Newly arrived clansmen from China would need a safe place to stay, and the famously clannish Khoos would quickly offer their kin assistance, a social security blanket and access to a network of aid, without which migrant survival in a new and unknown land might be near impossible. This concept, it must be noted, was not unique to the Khoos. Other prominent Chinese families, namely those bearing the surnames Lim, Cheah, Yeoh and Tan (together, the quintet was collectively referred to as the Goh Tai Seh or Five Big Clans), also boasted their own grand kongsi (clan house), several of which may be explored today within George Town’s Unesco World Heritage zone.

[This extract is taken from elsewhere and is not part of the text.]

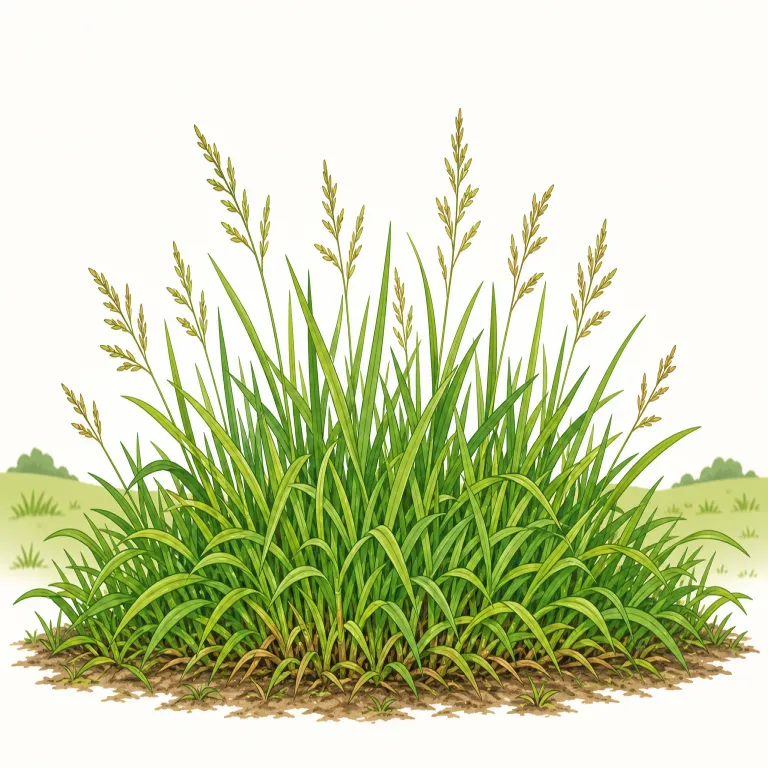 grama（グラマ草・名詞）の覚え方イラスト — ここでの grama は一般的な「牧草」という説明ではなく、乾燥地に生える特定の草、つまりグラマ草を指す植物名として覚えます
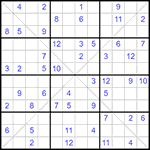 Судоку Х 12х12 #41 трудный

Growing up as a child in one of the shophouses surrounding Penang’s awe-inspiring Khoo Kongsi has left an indelible impression on Chan Soo Khian. The celebrated architect and principal of Singapore-based multidisciplinary practice SCDA returns to the island in triumph as his latest luxury boutique hotel, Soori Penang, is unveiled.
But beyond the ornate wing-shaped ridges of the xie shan roofs or perhaps the grand staircase of the main hall, the Khoo Kongsi also comprises 62 terraced houses and shophouses. The close-knit setup and subtle defensive formation of the clan house is a throwback to bygone days when gangland wars were prevalent and public security was deemed inadequate in British-ruled 19th-century Penang.